Conclusion: Thin layer chromatography was used to detect whether the final preparation was hydrolyzed. The results showed that the simvastatin in the prepared simvastatin nanocrystals and phospholipid-modified simvastatin nanocrystal gel had been hydrolyzed and lost its efficacy. At the same time, the storage stability test showed that the drug content had decreased significantly.

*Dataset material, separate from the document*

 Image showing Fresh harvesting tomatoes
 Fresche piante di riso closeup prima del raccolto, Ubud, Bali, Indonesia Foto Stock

The above description is only an embodiment of the present disclosure and does not limit the present disclosure in any form or substance. It should be pointed out that ordinary technicians in this technical field can make several improvements and supplements without departing from the method of the present disclosure, and these improvements and supplements should also be regarded as the scope of protection of the present disclosure. Any equivalent changes, modifications and evolutions made by technicians familiar with this profession without departing from the spirit and scope of the present invention by using the technical content disclosed above are all equivalent embodiments of the present disclosure; at the same time, any equivalent changes, modifications and evolutions made to the above embodiments based on the essential technology of the present disclosure are still within the scope of the technical solution of the present disclosure.

Claims (10)

A high-drug-loaded molecular simvastatin skin ointment comprises simvastatin and a pharmaceutically acceptable non-aqueous semisolid material. The ointment according to claim 1, comprising a basic matrix composition and simvastatin; the basic matrix composition comprises a basic matrix, a solubilizer, a consistency regulator and a stabilizer. The ointment according to claim 2, wherein the basic matrix comprises one or more of white petrolatum, yellow petrolatum, solid paraffin, vegetable oil, stearic acid and beeswax. The ointment according to claim 2 or 3, wherein the solubilizer comprises one or more of Tween-80, Span-80 and phospholipids. The ointment according to claim 2 or 3, wherein the consistency regulator comprises one or more of anhydrous lanolin and liquid paraffin. The ointment according to claim 2 or 3, wherein the stabilizer comprises one or more of glyceryl monostearate, cholesterol and caprylic/capric triglyceride. The ointment according to any one of claims 2 to 6, characterized in that the weight proportion of simvastatin in the ointment is 0.5-5 parts, the solubilizer is 5-30 parts, the stabilizer is 0.5-5 parts, the consistency regulator is 5-20 parts, and the basic matrix is 40-89 parts. The method for preparing the simvastatin skin ointment according to any one of claims 1 to 7, comprising: The basic matrix composition is mixed, heated to 60-90° C. to melt, cooled to 30-50° C. after melting, simvastatin is added to the basic matrix composition, stirred evenly, and cooled to room temperature to obtain simvastatin ointment. Use of the skin ointment according to any one of claims 1 to 7 or the ointment obtained by the preparation method according to claim 8 for treating autosomal recessive ichthyosis. Use of the skin ointment according to any one of claims 1 to 7 or the ointment obtained by the preparation method according to claim 8 for treating vitiligo.